- _Directions_
Each line below needs to be duplicated without alteration.

[[ Records provided open ]]

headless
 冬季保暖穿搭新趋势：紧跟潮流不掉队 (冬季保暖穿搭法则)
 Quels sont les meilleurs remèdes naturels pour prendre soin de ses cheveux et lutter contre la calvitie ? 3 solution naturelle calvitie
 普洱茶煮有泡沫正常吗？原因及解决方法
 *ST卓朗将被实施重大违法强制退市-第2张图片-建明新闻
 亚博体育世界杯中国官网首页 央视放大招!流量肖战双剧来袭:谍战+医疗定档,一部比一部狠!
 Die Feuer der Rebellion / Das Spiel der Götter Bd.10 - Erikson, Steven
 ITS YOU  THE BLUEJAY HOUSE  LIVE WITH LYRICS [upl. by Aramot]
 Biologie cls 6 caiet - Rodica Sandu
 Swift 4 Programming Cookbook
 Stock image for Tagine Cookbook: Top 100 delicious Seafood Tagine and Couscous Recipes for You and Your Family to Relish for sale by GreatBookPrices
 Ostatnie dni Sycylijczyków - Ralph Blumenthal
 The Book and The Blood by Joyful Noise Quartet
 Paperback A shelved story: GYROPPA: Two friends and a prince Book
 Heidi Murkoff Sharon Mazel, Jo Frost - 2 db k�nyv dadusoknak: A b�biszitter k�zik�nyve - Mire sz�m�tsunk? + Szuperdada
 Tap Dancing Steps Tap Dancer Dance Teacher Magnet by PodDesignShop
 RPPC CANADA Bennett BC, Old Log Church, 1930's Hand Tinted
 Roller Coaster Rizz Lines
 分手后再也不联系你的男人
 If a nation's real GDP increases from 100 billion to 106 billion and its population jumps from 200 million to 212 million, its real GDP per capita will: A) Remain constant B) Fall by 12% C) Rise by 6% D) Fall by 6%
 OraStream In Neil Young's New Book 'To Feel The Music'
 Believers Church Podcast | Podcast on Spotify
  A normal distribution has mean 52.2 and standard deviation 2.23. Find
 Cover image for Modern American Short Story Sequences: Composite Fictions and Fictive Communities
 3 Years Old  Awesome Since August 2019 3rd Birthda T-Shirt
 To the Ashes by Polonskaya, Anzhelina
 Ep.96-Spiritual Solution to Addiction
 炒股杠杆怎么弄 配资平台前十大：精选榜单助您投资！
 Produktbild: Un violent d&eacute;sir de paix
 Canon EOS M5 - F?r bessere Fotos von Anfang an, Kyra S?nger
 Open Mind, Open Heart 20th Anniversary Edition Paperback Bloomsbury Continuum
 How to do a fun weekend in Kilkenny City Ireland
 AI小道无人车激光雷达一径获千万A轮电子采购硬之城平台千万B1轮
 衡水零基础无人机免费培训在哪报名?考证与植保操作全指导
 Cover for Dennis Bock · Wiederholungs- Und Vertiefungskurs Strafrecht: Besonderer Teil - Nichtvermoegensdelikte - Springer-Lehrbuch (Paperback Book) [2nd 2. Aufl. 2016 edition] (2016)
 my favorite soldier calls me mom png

[[ Records provided closed ]]

- _Expected answer_
headless
 冬季保暖穿搭新趋势：紧跟潮流不掉队 (冬季保暖穿搭法则)
 Quels sont les meilleurs remèdes naturels pour prendre soin de ses cheveux et lutter contre la calvitie ? 3 solution naturelle calvitie
 普洱茶煮有泡沫正常吗？原因及解决方法
 *ST卓朗将被实施重大违法强制退市-第2张图片-建明新闻
 亚博体育世界杯中国官网首页 央视放大招!流量肖战双剧来袭:谍战+医疗定档,一部比一部狠!
 Die Feuer der Rebellion / Das Spiel der Götter Bd.10 - Erikson, Steven
 ITS YOU  THE BLUEJAY HOUSE  LIVE WITH LYRICS [upl. by Aramot]
 Biologie cls 6 caiet - Rodica Sandu
 Swift 4 Programming Cookbook
 Stock image for Tagine Cookbook: Top 100 delicious Seafood Tagine and Couscous Recipes for You and Your Family to Relish for sale by GreatBookPrices
 Ostatnie dni Sycylijczyków - Ralph Blumenthal
 The Book and The Blood by Joyful Noise Quartet
 Paperback A shelved story: GYROPPA: Two friends and a prince Book
 Heidi Murkoff Sharon Mazel, Jo Frost - 2 db k�nyv dadusoknak: A b�biszitter k�zik�nyve - Mire sz�m�tsunk? + Szuperdada
 Tap Dancing Steps Tap Dancer Dance Teacher Magnet by PodDesignShop
 RPPC CANADA Bennett BC, Old Log Church, 1930's Hand Tinted
 Roller Coaster Rizz Lines
 分手后再也不联系你的男人
 If a nation's real GDP increases from 100 billion to 106 billion and its population jumps from 200 million to 212 million, its real GDP per capita will: A) Remain constant B) Fall by 12% C) Rise by 6% D) Fall by 6%
 OraStream In Neil Young's New Book 'To Feel The Music'
 Believers Church Podcast | Podcast on Spotify
  A normal distribution has mean 52.2 and standard deviation 2.23. Find
 Cover image for Modern American Short Story Sequences: Composite Fictions and Fictive Communities
 3 Years Old  Awesome Since August 2019 3rd Birthda T-Shirt
 To the Ashes by Polonskaya, Anzhelina
 Ep.96-Spiritual Solution to Addiction
 炒股杠杆怎么弄 配资平台前十大：精选榜单助您投资！
 Produktbild: Un violent d&eacute;sir de paix
 Canon EOS M5 - F?r bessere Fotos von Anfang an, Kyra S?nger
 Open Mind, Open Heart 20th Anniversary Edition Paperback Bloomsbury Continuum
 How to do a fun weekend in Kilkenny City Ireland
 AI小道无人车激光雷达一径获千万A轮电子采购硬之城平台千万B1轮
 衡水零基础无人机免费培训在哪报名?考证与植保操作全指导
 Cover for Dennis Bock · Wiederholungs- Und Vertiefungskurs Strafrecht: Besonderer Teil - Nichtvermoegensdelikte - Springer-Lehrbuch (Paperback Book) [2nd 2. Aufl. 2016 edition] (2016)
 my favorite soldier calls me mom png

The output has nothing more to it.